Au contraire, en cas de décès du prévenu au cours de l'instance d'appel, la juridiction répressive du second degré doit, comme sous l'empire du C. intr.crim., se borner, au point de vue pénal de vue pénal, à déclarer l'action publique éteinte et, relativement à l'action civile, statuer sur cette action qui continue à être soumise à sa compétence (Arrêt n° 832 du 2 mars 1961, publié dans ce volume).
IV.- Sur les quatrième et cinquième points : Le pourvoi en cassation avait été formé par la partie civile contre un jugement par lequel le tribunal s'était, à bon droit, déclaré incompétent pour connaître de son action civile en raison du décès du prévenu, survenu avant toute saisine.
Le dispositif du jugement était donc légalement justifié et le pourvoi ne pouvait qu'être rejeté.
En effet « la violation de la loi dans le dispositif même de l'arrêt pouvant seule motiver la cassation, la Cour rejette le pourvoi si, malgré les erreurs de doctrine qui peuvent avoir été commises, la décision se trouve justifiée, soit par les faits relevés, soit par d'autres motifs de droit qui y sont énoncés, soit même par un motif de pur droit qui n'a pas été examiné, mais qu'il lui appartient de supplées, quand elle trouve dans l'arrêt même toutes les circonstances de fait, dont elle n'a plus qu'à tirer les conséquences légales » (Faye n° 61).
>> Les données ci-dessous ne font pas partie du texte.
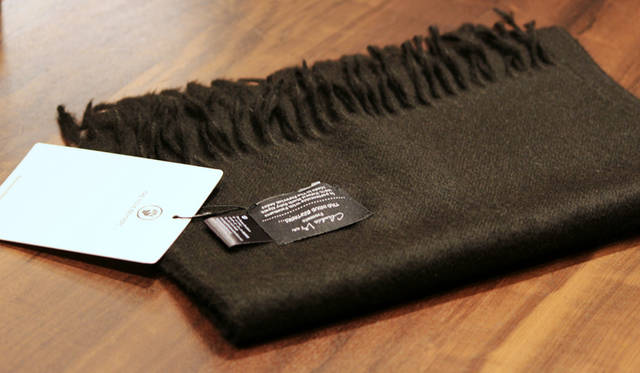 Knit items made from black alpaca by THE INOUE BROTHERS, displayed at The Residence on the 8th floor of Isetan Shinjuku Men's Building.
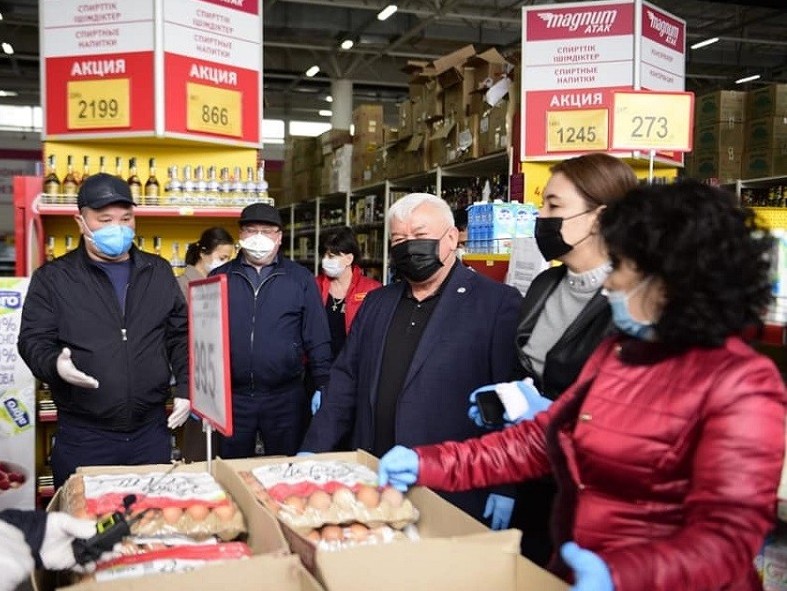 Шымкент: Партия филиалы жанынан құрылған арнайы топ сақтық шараларын қадағалауда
En ce qui concerne les motifs que peut suppléer la juridiction de cassation, v. Rép.pr.civ., V° Cassation, par Af Ad, n° 1460, 2180 s. ; Nouv.rép., V° Cassation, n° 245 ; Le Clec'h, Fasc. IV, n° 226 s.
La Cour ordonne cependant, en raison de l'erreur de droit commise par le tribunal, la substitution de ses motifs à ceux de la décision déférée, ainsi que la transcription de son arrêt sur les registres du greffe du tribunal ayant rendu la décision attaquée.
Sur la substitution de motifs par la juridiction de cassation, v. Faye n° 113 ; Rép.pr.civ., V° Cassation, par Af Ad, n° 2183 ; Al et Levasseur, 2, n° 859 ; arrêts n° 547 du 11 févr. 1960, Rec.crim.t.l. 212 et 687 du 30 juin 1960, ibid. 319.